Pictures with short captions
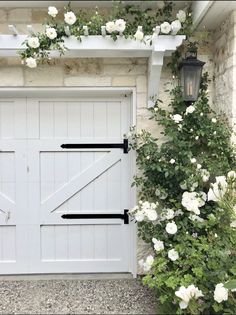 a white garage door surrounded by flowers and greenery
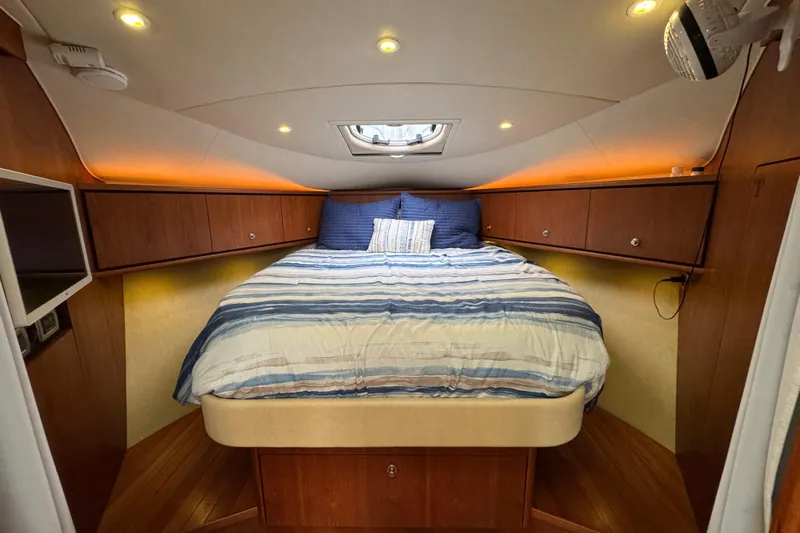  Yacht Photos Pics Luxurious cabin interior of 2008 Tiara Yachts 3900 Sovran with cozy bed and ambient lighting.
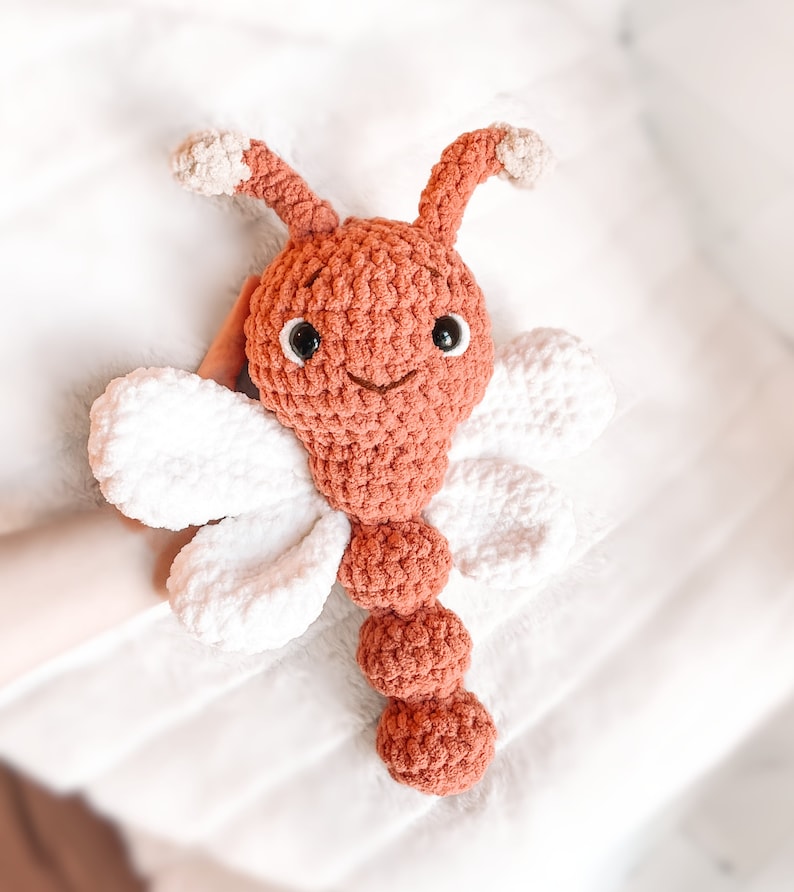May include: A handmade crochet dragonfly plush toy featuring a rust-colored head and segmented body, two white wings on each side, and two rust-colored antennae with light beige tips. The toy has black plastic safety eyes and a stitched mouth.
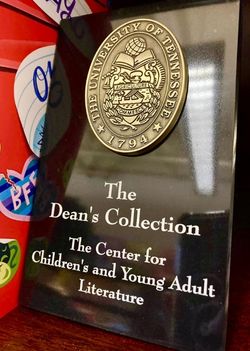 Plaque with the university's seal that says "The Dean's Collection | The Center for Children's & Young Adult Literature"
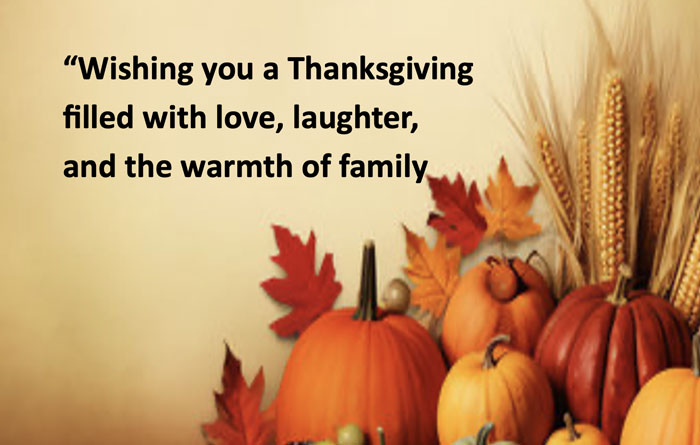 Decorative image with pumpkins, leaves and corn with the words "Wishing you a Thanksgiving filled with love, laughter, and the warmth of family"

▸ Task prompt
Output all the entries above verbatim, please. No images.

▸ Answer for the task
 a white garage door surrounded by flowers and greenery
  Yacht Photos Pics Luxurious cabin interior of 2008 Tiara Yachts 3900 Sovran with cozy bed and ambient lighting.
May include: A handmade crochet dragonfly plush toy featuring a rust-colored head and segmented body, two white wings on each side, and two rust-colored antennae with light beige tips. The toy has black plastic safety eyes and a stitched mouth.
 Plaque with the university's seal that says "The Dean's Collection | The Center for Children's & Young Adult Literature"
 Decorative image with pumpkins, leaves and corn with the words "Wishing you a Thanksgiving filled with love, laughter, and the warmth of family"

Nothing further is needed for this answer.